8 out of 10 tw*ts

Last night, I did what thousands of other exiting 22-year-olds do - I sat on the sofa feeling jovial, full of food and too confused as to which present I should play with. I decided to watch the 8 out of 10 Cats Christmas special, yet I'm sad to say that it left me feeling even more confused and slightly more nauseated. This program is really starting to annoy me. 
Only last year, I referred to the show several times in my dissertation, which was based on political satire. I know, hard to believe, but just a mere year ago the program was referred to as a 'satirical' quiz show. Tell me, what is satirical about drinking whisky and taking the piss out of a shiny, bright green Jedward?
The show has this year has been humouring guests such as Stacey Solomon, a couple of prats from the Only Way is Essex and the aforementioned Irish half-wits (at least there's two of them, so the maths works out there).
After studying political satire for the best part of a year - I know that it goes a lot deeper than the simple argument of satirical television shows dumbing down by having on guests that appeal to a wider audience. But what annoys me is the pretence that 8 out of 10 Cats isn't stooping as low as the initial shows that the shit-for-brains guests came from in the first place. 
The inane decision to have annoying celebrities for the other guests to mock, instead of filling the time with jokes and satire, is incomprehensible. On the Christmas special of 8 out of 10 Cats, the first few minutes of Jedward-bashing was just about corner-of-the-lip-raisingly amusing. After 15 minutes of them interrupting with childish, attention-seeking remarks just made my blood boil. If I wanted to feel that annoyed I would have  gone to the library and gotten out a book with pages full of folded corners. 
Political satire is inherently clever- how can 8 out of 10 Cats prick the pomposity of politicians when half the guests don't even know where they are?
There's no doubt that serious television is giving way to 'infotainment', but there's a difference between easy jokes of a fat John Prescott or a posh Cameron and filling a panel with oxygen-stealing guests. The comedy seems to now be wholly derived from laughing at these guests - why does that require three of the best comedians in Britain? Take away Jimmy Carr, Sean Lock and Jon Richardson and throw in a few more Brian Dowlings and you have yourself the political satire of the future.  

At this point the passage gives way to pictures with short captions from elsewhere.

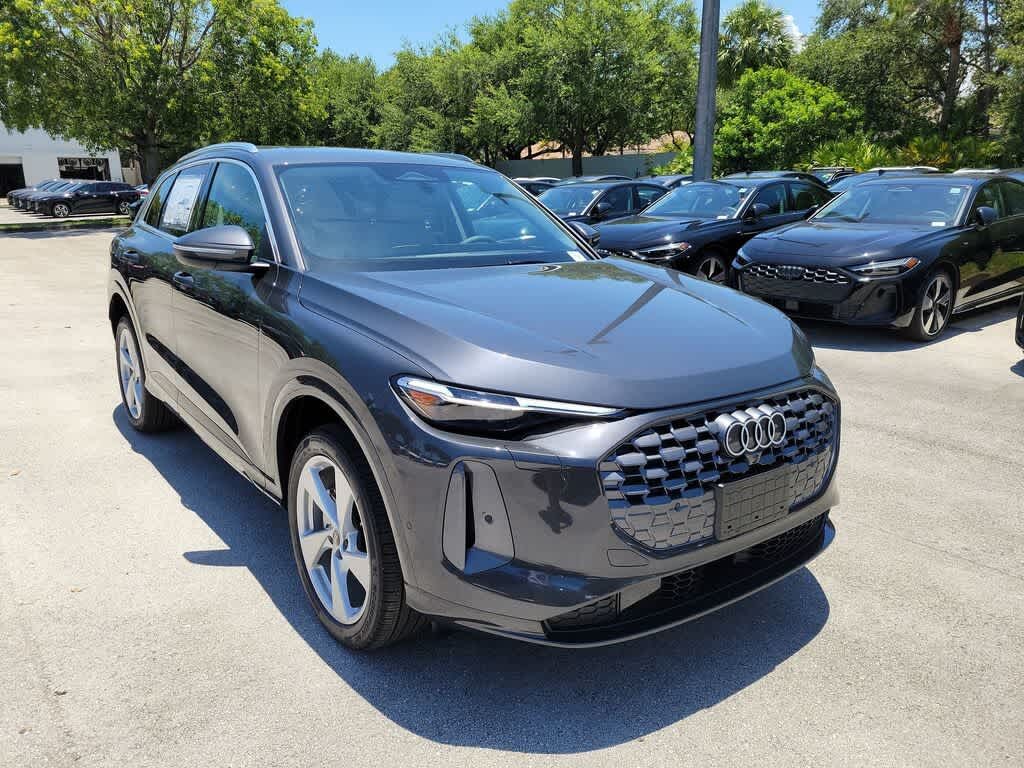 2026 Audi Q5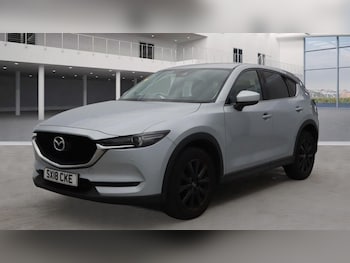 Used Mazda CX-5 2018 for sale - 76236137: Photo 2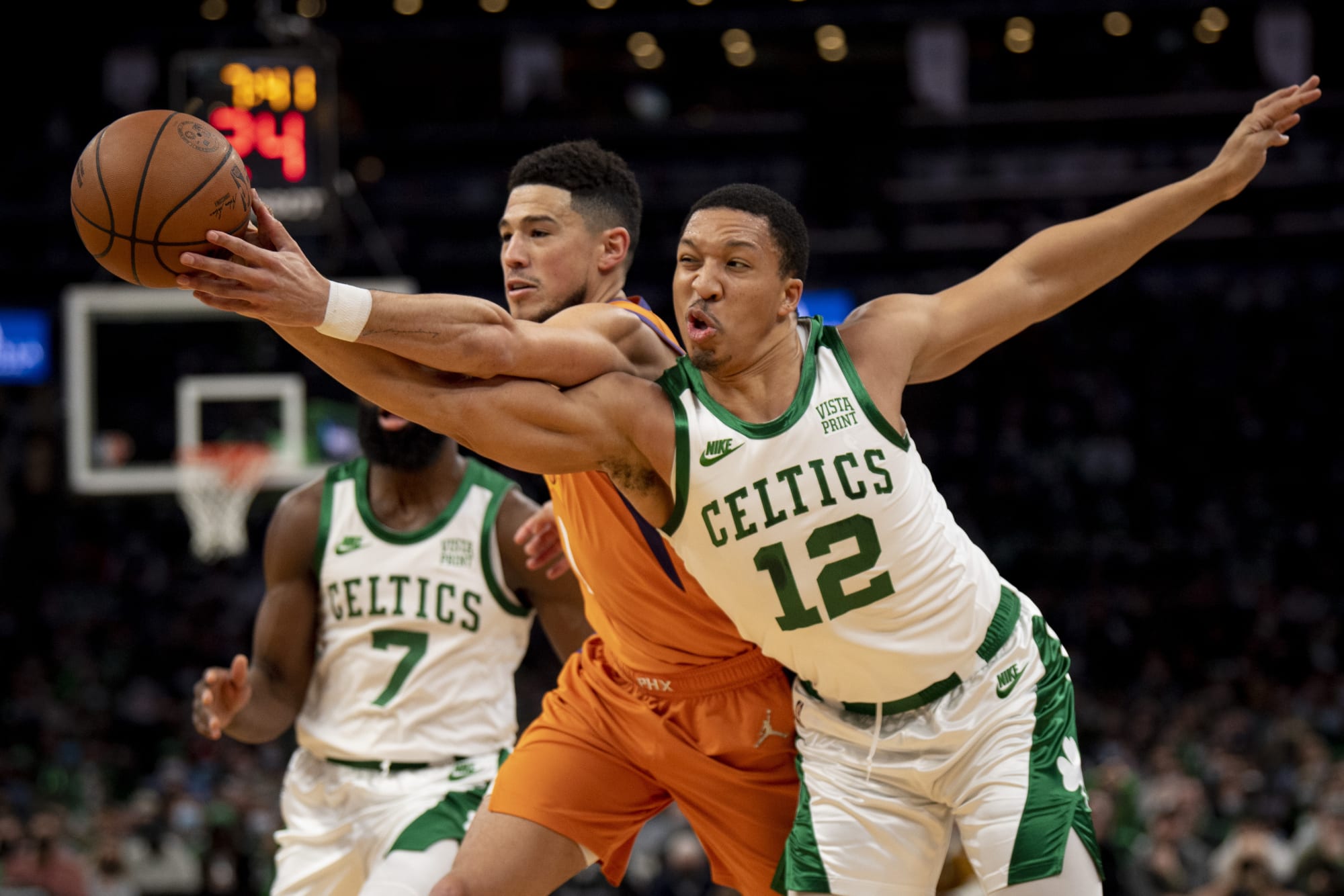 Boston Celtics vs. Phoenix Suns prediction, odds, TV channel for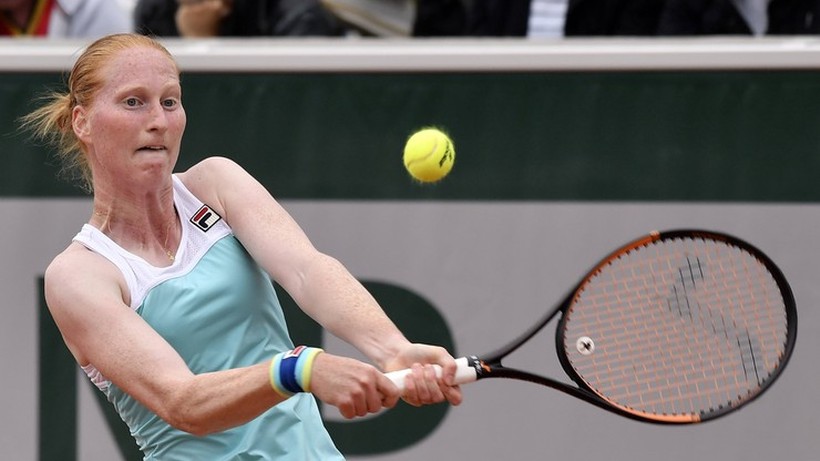 WTA w Nur-Sułtanie: Triumf Alison van Uytvanck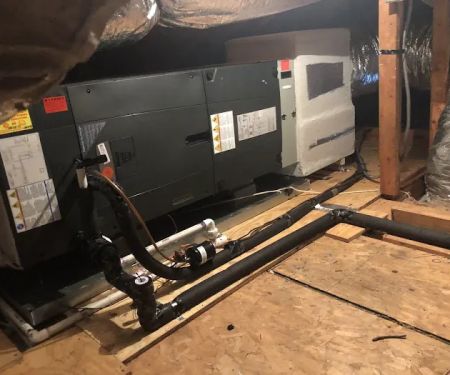 General Air Conditioning Inc.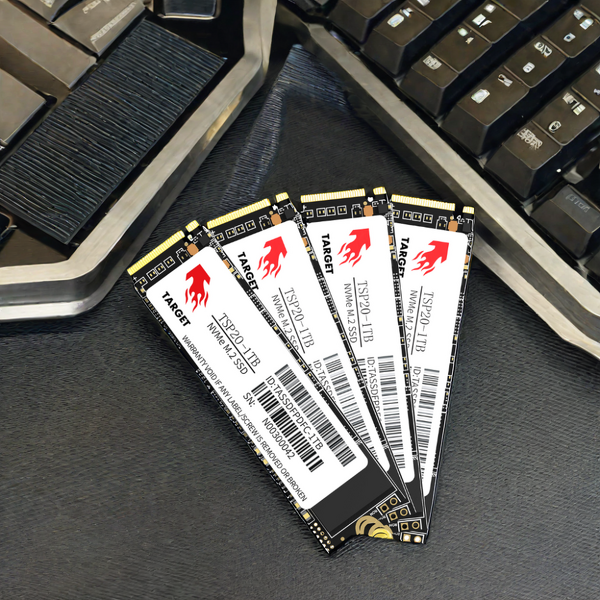 NVME SSD Manufacturer - Gaming Grade PCIE 3.0 512GB to 1TB M.2 SSD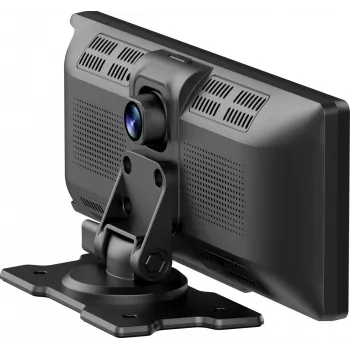 Sencor SCT M1090DBWT Σταθμός πολυμέσων με CarPlay και Android Auto, Dashcam και Κάμερα οπισθοπορείας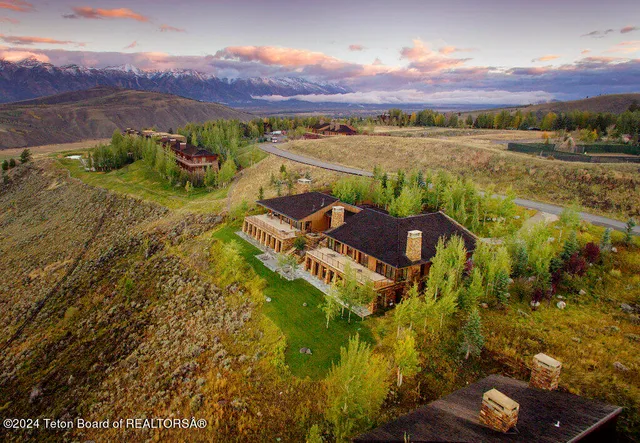 $15,000,000 | 1605 North Amangani Drive, Jackson, WY 83001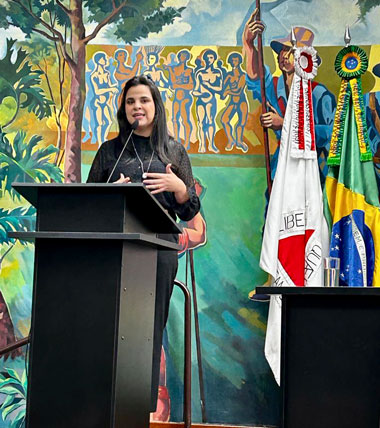 Palestra em BH JF POR AI 111122 enviada pelo CR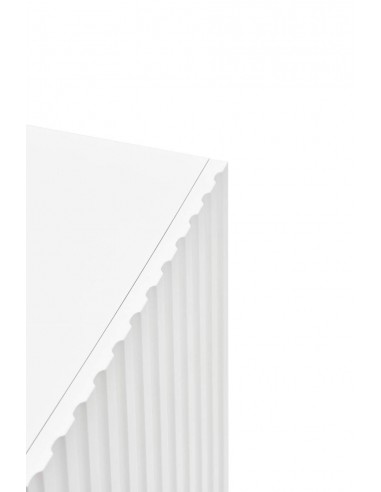 Teulat aparador Doric 198x48, branco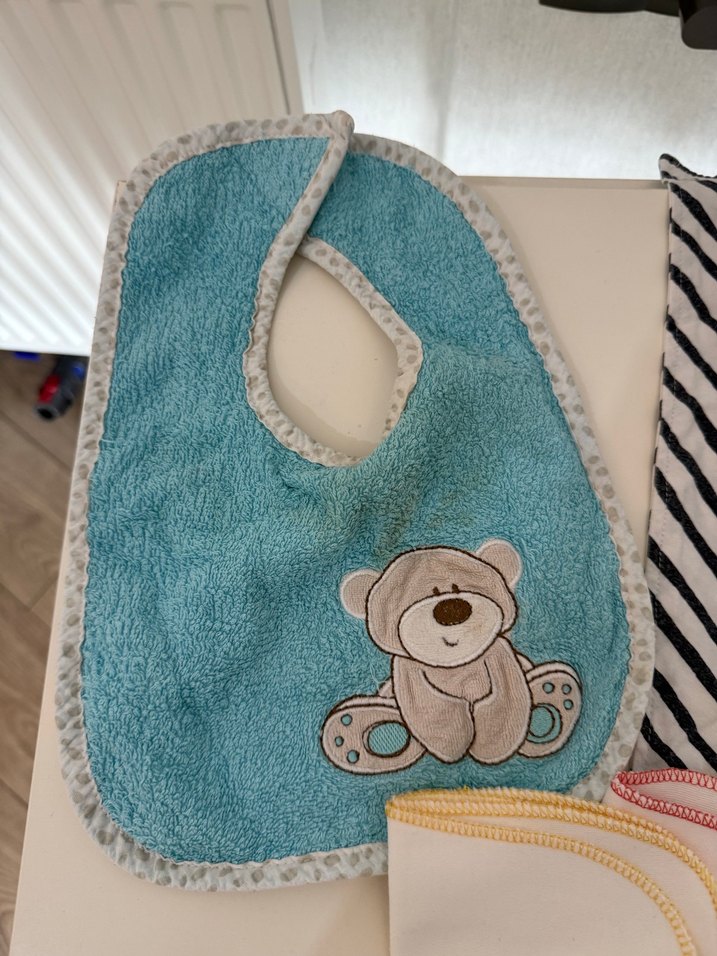 16 parca önluk agız bezı - Görsel 4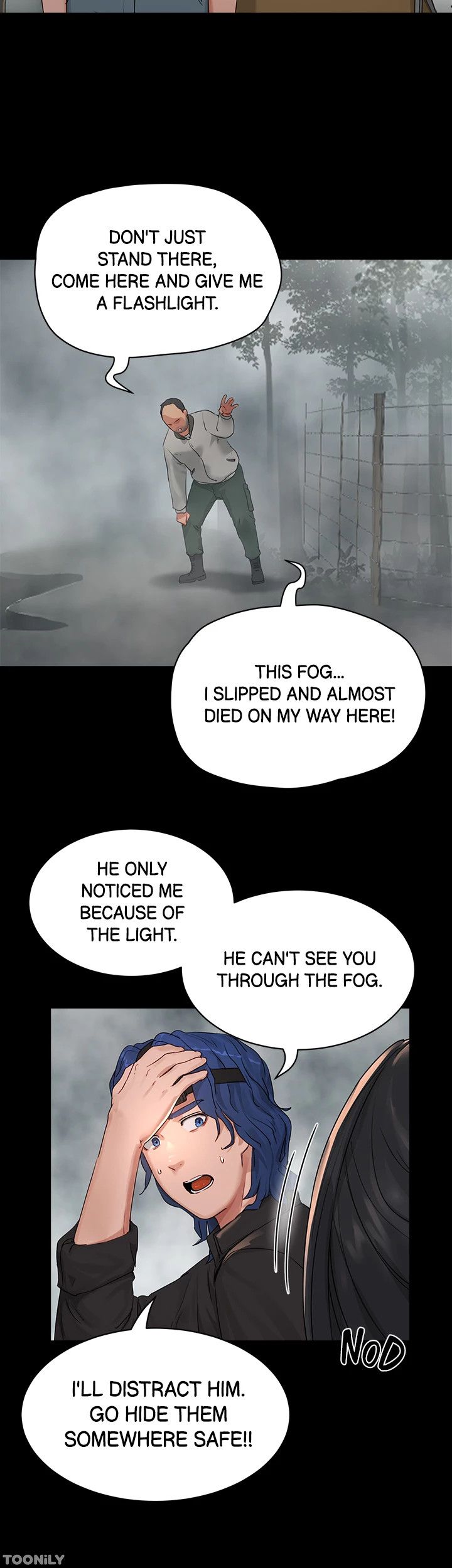 Summer of Love Manhwa - Chapter 47 Page 7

  1. Yes, I entirely agree with you. I think the problem with political satire - well satire of any kind probably, is that you need to be a little bit .... how can I put it graciously.... clever .... to appreciate it.
    We're all used to lazy entertainment these days, but to 'get' satire you have to think and there's the rub.
    Satire isn't comedy. It's making fun of serious things (or it should be) in order to highlight their seriousness.
    I once a did a satirical piece about sick and disabled people being made to take tests to see if they could work. It was a popular post. But a few people took offence. How can you joke about sick and disabled people, they said me? The interesting thing was that disability activists retweeted the link, reposted it and shared it. They 'got' that I wasn't joking about it - but was trying to highlight a problem which I was in fact deadly serious about.
    A good example of cutting satire which is very often misunderstood is this one:
    It's shocking, uncompromising, and for those who 'get' it it's priceless. But look at the comments and you'll see just how many people don't get it. I love it.
    An excellent post BTW.

  2. Thank you! I completely agree, in terms of television I think satire is definitely on it's way out. That website is the perfect example of how TV execs would be scared of people reacting to anything satirical!

  3. It probably is on its way out - at the moment. But just as reading was said to be on the way out for kids until Harry Potter came along - maybe all it needs is some new good stuff to make it popular again?